RECORDS FOR THE EXERCISE:
*** Block opens ***

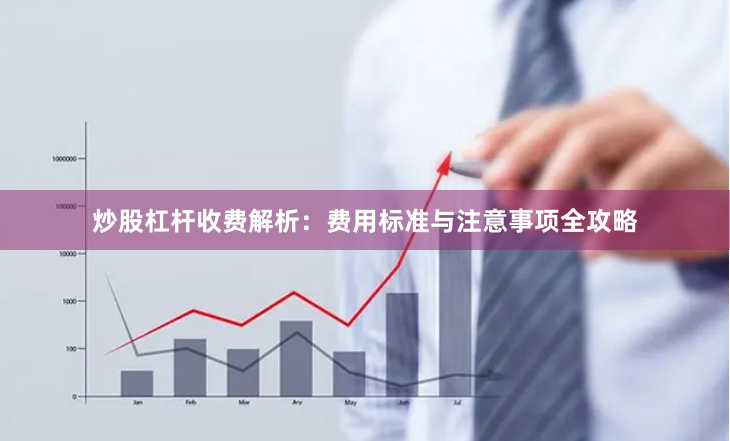 炒股杠杆收费解析：费用标准与注意事项全攻略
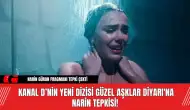 Kanal D’nin Yeni Dizisi Güzel Aşklar Diyarı'na Narin Tepkisi!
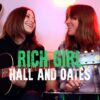 Hall & Oates Rich Girl (Larkin Poe Cover)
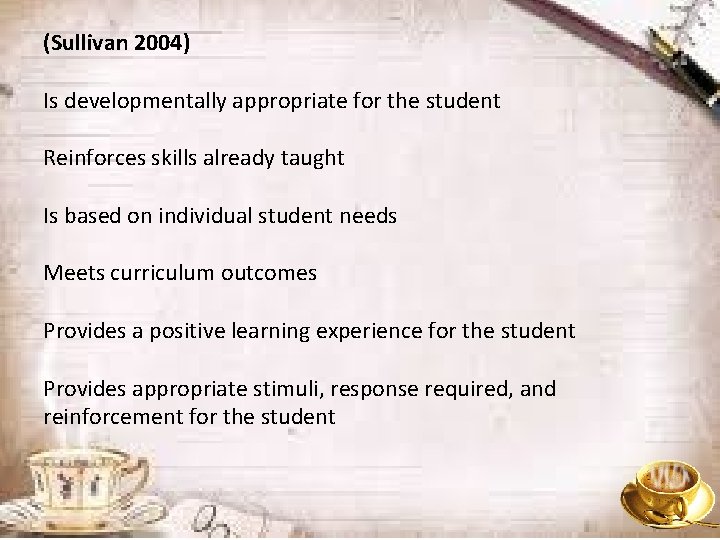 (Sullivan 2004) Is developmentally appropriate for the student Reinforces skills already taught Is based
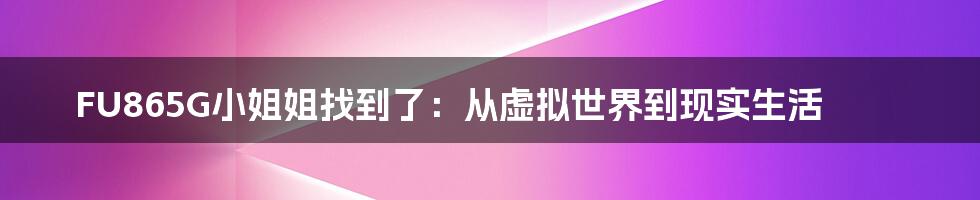 FU865G小姐姐找到了:从虚拟世界到现实生活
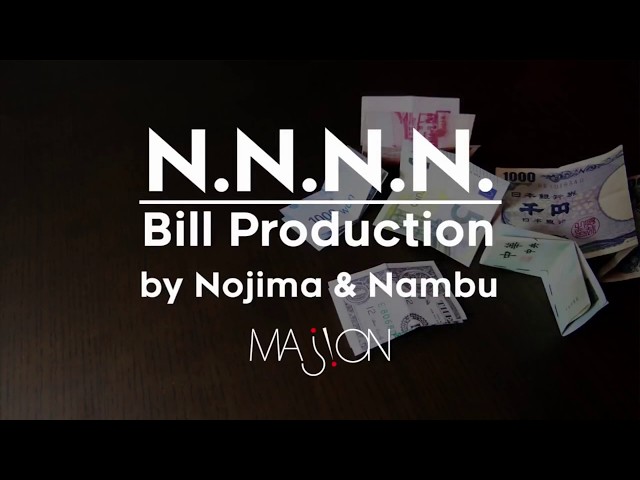 Nojima & Nambu – NNNN Bill Production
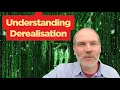 A brief explanation of Derealization Derealisation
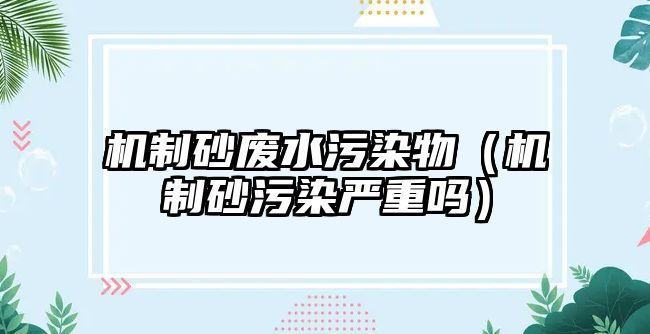 機(jī)制砂廢水污染物（機(jī)制砂污染嚴(yán)重嗎）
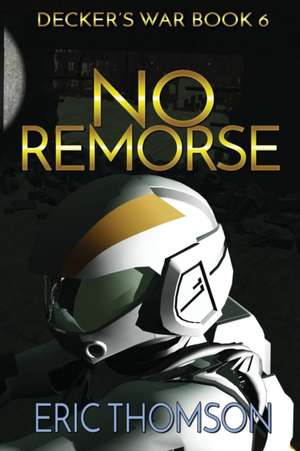 No Remorse de Eric Thomson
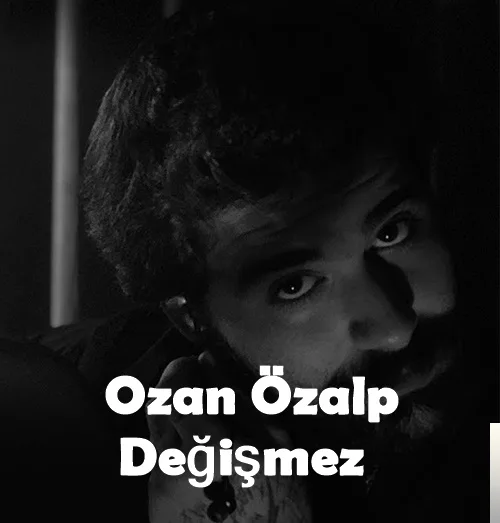 Ozan Özalp - Değişmez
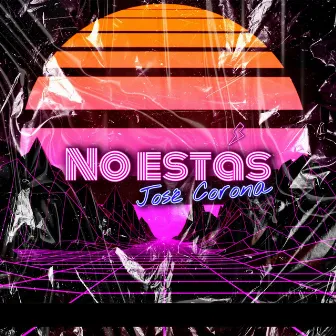 No Estás by Jose Corona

*** Block closes ***

PROBLEM TO SOLVE: Instruction for this listing: copy it exactly, but leave the images behind.

EXPECTED ANSWER:
 炒股杠杆收费解析：费用标准与注意事项全攻略
 Kanal D’nin Yeni Dizisi Güzel Aşklar Diyarı'na Narin Tepkisi!
 Hall & Oates Rich Girl (Larkin Poe Cover)
 (Sullivan 2004) Is developmentally appropriate for the student Reinforces skills already taught Is based
 FU865G小姐姐找到了:从虚拟世界到现实生活
 Nojima & Nambu – NNNN Bill Production
 A brief explanation of Derealization Derealisation
 機(jī)制砂廢水污染物（機(jī)制砂污染嚴(yán)重嗎）
 No Remorse de Eric Thomson
 Ozan Özalp - Değişmez
 No Estás by Jose Corona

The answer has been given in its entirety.